### Extracted material
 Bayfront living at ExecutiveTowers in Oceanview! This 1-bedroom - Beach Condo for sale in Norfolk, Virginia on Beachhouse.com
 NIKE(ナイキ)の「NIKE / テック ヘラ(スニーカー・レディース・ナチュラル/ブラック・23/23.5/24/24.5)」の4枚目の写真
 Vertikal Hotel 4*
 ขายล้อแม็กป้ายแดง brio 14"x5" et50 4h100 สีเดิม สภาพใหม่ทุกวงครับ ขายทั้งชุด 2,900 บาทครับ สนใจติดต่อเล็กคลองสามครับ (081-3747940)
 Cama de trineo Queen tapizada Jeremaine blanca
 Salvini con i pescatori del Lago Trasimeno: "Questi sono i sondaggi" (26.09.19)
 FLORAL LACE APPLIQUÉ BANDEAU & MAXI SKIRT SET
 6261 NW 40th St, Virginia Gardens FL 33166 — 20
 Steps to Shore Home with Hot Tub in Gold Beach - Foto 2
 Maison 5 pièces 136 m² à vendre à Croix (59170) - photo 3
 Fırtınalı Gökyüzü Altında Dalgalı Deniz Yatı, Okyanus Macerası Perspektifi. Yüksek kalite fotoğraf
######
If a line falls between the first line of the entries and the line containing "Vertikal Hotel 4*", or is one of those two, restate it word for word; leave all other lines out.

 Bayfront living at ExecutiveTowers in Oceanview! This 1-bedroom - Beach Condo for sale in Norfolk, Virginia on Beachhouse.com
 NIKE(ナイキ)の「NIKE / テック ヘラ(スニーカー・レディース・ナチュラル/ブラック・23/23.5/24/24.5)」の4枚目の写真
 Vertikal Hotel 4*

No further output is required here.